Al Pacino plays a real crusading lawyer one that might just be a super lawyer. He cares about the real justice, the search for truth for everyone. He does not like miscarriages of justice, he does not like mistreatment of prisoners, he does not like mean judges to the point of punching them, and he does not like moral law commissions which do not go after the real problems within the system. Pacino actually is fine even if his character is really written in a very unspectacular fashion at the beginning of the film. Pacino has his work cut out for him to not make his character seem like a really pretentious jerk Well Pacino can't stop him from being still far too pretentious, but he makes him somewhat likable pretentious guy.

Pacino is fine with his dealings of the wacky court dealings in the first half of the film, from his comedic law partner, to freaking out on a helicopter ride with the suicidal judge (Jack Warden), to romancing a woman on that law commission he dislikes so much. All of the court dealings, and the romance especially are contrived in someway, but Pacino does do a fine job in keeping at least some sort of reality no matter how unrealistic some of the scenes can be. Pacino is never really amazing here, but it is interesting to see Pacino be able to do more of a star leading man performance which a little unusual for Pacino especially portraying such just a super guy like Arthur Kirkland.
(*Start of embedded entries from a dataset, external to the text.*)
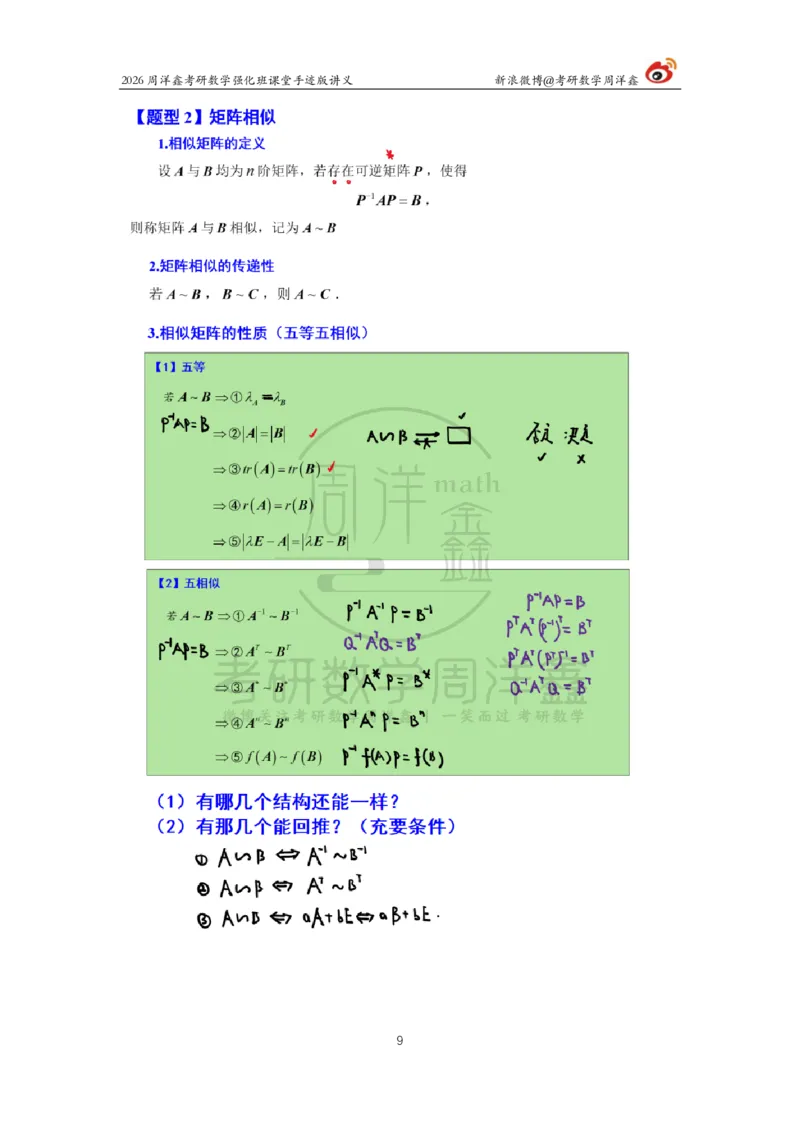 171.2026周洋鑫考研数学（线代强化8）_04.2026考研数学周洋鑫数学笑过_00.随课资料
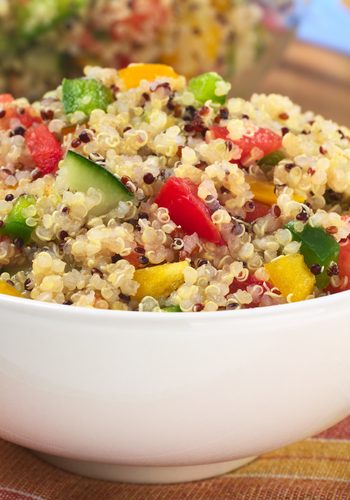 Ricetta Insalata Vegetariana di Quinoa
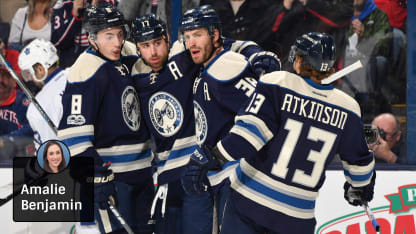 Blue Jackets celebrate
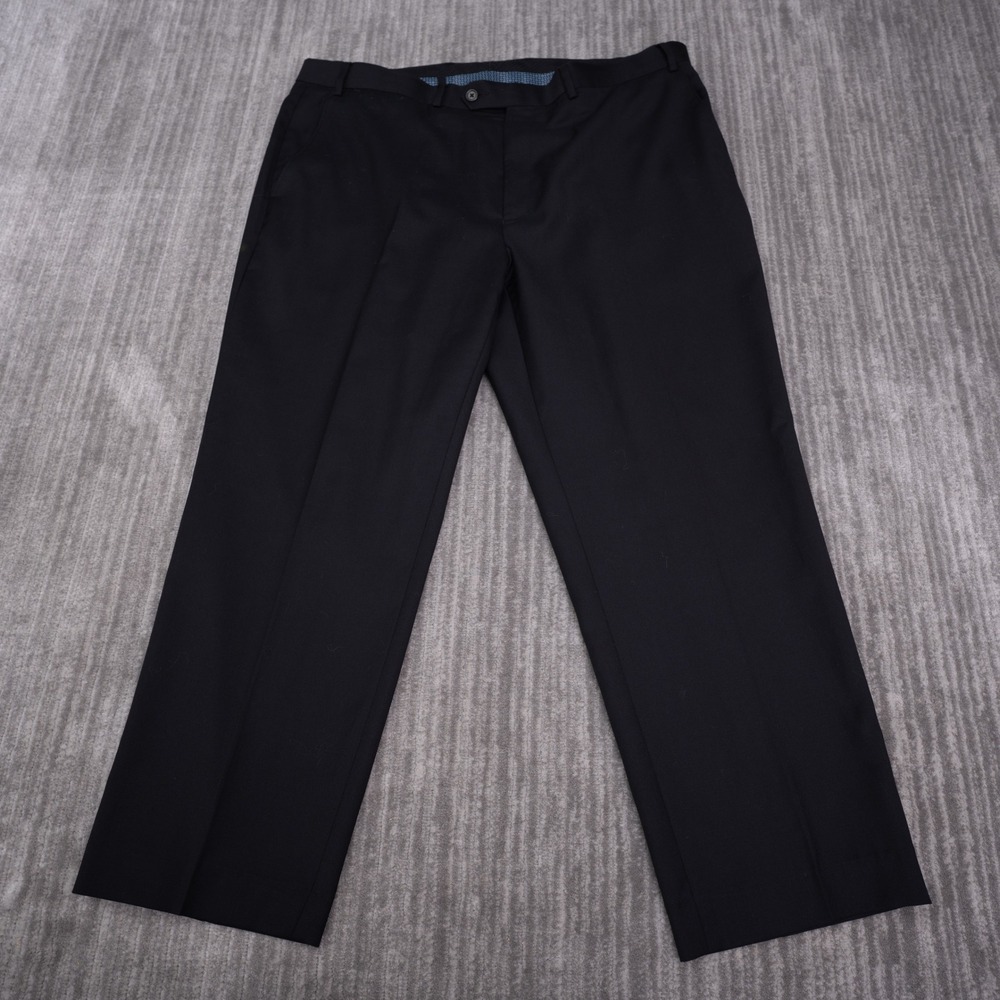 Lauren Ralph Lauren Dress Pants Mens 40x27 Black Excellent Wool Blend Stretch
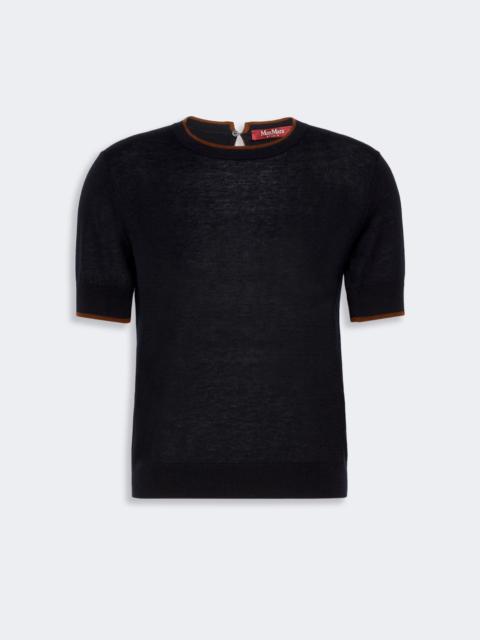Max Mara AGENDA Wool and silk yarn sweater - NAVY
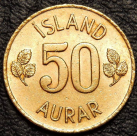 50 эйре 1970 Исландия. Монета продается в единственном экземпляре, изображенном на фото.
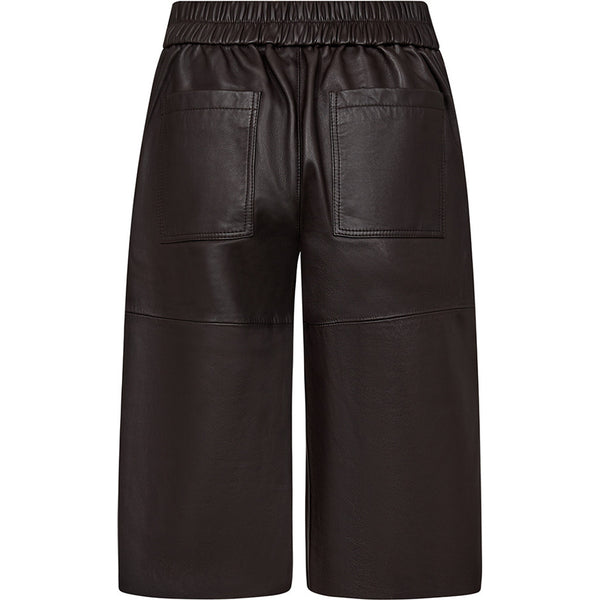 Depeche leather wear Leather bermuda shorts (HW) Shorts 008 Chocolate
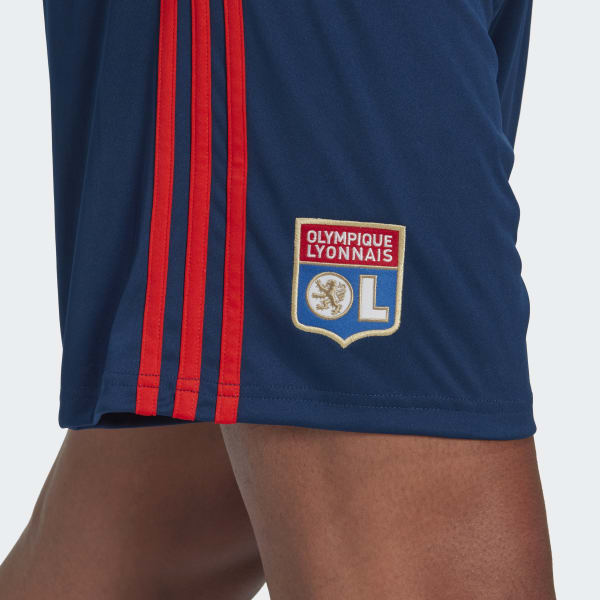 Blau Olympique Lyon 22/23 Auswärtsshorts CL763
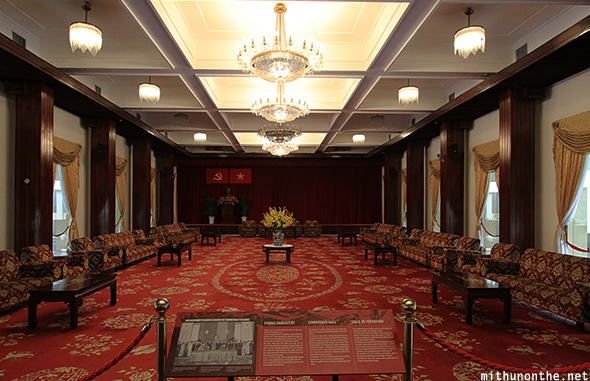 Conference hall independence palace Vietnam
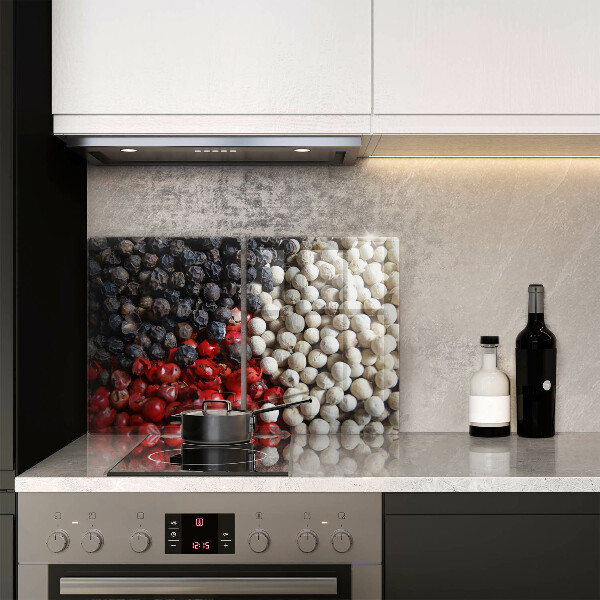 Glas Ceranfeldabdeckung Schwarzer Pfeffer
The second half of the film just about everything that could go wrong for Arthur does go wrong for him. The film really lets Pacino's character have it here, ruining basically everything he is trying to do, and trying to ruin the character's whole career. Pacino is good as he slowly becomes more and more stressed out, due to everything basically crumbling around him, he shows his character's passion and sadness well, and I gotta say his pretentiousness really started to be less annoying closer to the end. Anyways the film sort of haphazardly leads to a big dramatic opening statement by Pacino. Pacino delivers the big scene incredibly well, and makes it a satisfying ending, even if it is a stupidly written one. Overall Pacino gives a good performance in a dumb movie.

2 comments:

Fritz said...

I haven't seen this one yet but Pacino in the 70s is almost always great.

dinasztie said...

Pacino is always great, though I barely remember this one.